Endogenous free radicals and environmental agents such as ionizing radiation induce DNA double-strand breaks. The repair of these breaks is crucial for the maintenance of genome stability. Two distinct pathways help eliminate DNA double-strand breaks. In homologous recombination, the repair of a broken DNA molecule requires an intact homologous duplex to direct the process. Alternatively, a pathway known as non-homologous DNA end joining (NHEJ) simply rejoins the ends of the broken DNA molecule. Our research efforts focus on delineating the mechanisms of these two DNA repair pathway.
Repair by homologous recombination
The recombinational repair of DNA double-strand breaks is mediated by a group of genes called the RAD52 epistasis group. In mammals, the efficiency of recombinational DNA repair is modulated by the tumour suppressors BRCA1 and BRCA2, providing compelling evidence that this repair pathway functions to suppress cancer formation.

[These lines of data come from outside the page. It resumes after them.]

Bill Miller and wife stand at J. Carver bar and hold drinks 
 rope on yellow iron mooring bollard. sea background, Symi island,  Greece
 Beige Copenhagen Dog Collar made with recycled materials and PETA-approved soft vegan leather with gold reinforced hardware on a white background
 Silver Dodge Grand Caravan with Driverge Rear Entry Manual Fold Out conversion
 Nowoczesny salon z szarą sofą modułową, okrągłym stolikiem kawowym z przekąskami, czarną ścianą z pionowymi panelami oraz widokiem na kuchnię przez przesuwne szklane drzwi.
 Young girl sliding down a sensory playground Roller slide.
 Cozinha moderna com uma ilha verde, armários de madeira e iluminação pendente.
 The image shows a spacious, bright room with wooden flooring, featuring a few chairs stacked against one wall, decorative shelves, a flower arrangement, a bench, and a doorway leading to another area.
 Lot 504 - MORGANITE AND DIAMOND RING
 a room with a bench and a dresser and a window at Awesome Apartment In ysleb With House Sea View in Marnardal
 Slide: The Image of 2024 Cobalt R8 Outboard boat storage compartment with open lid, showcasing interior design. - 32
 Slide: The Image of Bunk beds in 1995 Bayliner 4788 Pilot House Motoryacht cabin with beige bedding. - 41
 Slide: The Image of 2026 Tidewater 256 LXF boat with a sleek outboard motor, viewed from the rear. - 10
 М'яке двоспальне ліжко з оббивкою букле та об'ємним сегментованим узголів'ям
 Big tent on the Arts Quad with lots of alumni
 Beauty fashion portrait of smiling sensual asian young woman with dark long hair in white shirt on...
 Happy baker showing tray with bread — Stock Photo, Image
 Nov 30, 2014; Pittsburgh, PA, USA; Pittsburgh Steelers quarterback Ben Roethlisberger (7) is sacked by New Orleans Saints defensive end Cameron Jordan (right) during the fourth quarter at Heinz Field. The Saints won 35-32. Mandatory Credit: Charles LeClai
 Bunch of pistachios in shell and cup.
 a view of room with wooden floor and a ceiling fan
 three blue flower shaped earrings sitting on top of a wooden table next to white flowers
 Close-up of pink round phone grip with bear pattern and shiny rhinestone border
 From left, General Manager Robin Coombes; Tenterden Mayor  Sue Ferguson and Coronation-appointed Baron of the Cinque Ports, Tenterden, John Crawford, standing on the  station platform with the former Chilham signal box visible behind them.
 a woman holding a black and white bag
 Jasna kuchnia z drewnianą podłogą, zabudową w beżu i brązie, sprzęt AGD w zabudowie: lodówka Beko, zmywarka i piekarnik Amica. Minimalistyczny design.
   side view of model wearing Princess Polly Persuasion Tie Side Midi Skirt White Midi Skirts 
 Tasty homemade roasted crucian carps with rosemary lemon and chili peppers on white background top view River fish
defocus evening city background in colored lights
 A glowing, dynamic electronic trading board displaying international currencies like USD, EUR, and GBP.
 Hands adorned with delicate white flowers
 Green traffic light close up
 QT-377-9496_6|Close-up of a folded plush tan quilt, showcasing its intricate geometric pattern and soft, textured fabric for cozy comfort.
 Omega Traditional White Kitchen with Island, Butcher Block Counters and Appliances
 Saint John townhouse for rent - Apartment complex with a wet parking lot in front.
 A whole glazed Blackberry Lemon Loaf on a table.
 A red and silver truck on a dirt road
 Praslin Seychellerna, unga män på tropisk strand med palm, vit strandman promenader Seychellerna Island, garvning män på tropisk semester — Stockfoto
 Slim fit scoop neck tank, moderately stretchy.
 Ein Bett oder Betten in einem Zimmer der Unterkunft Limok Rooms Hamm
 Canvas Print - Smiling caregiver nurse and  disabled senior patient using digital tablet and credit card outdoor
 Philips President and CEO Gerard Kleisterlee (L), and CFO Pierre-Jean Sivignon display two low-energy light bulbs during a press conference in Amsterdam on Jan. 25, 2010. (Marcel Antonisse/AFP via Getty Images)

Importantly, recombinational DNA repair is also required for the removal of interstrand DNA crosslinks induced by bifunctional crosslinking agents, which are commonly used to treat various malignancies. In 1994, we identified the yeast Rad51 protein, a key member of the RAD52 group, as the recombinase that mediates the “homologous DNA pairing and strand exchange “reaction central to all recombination-dependent processes, including the repair of DNA double-strand breaks. This finding marked the beginning of studies on recombination enzymology in eukaryotic organisms and has created a much-needed experimental framework for dissecting the role of the other RAD52 group members in the recombination reaction.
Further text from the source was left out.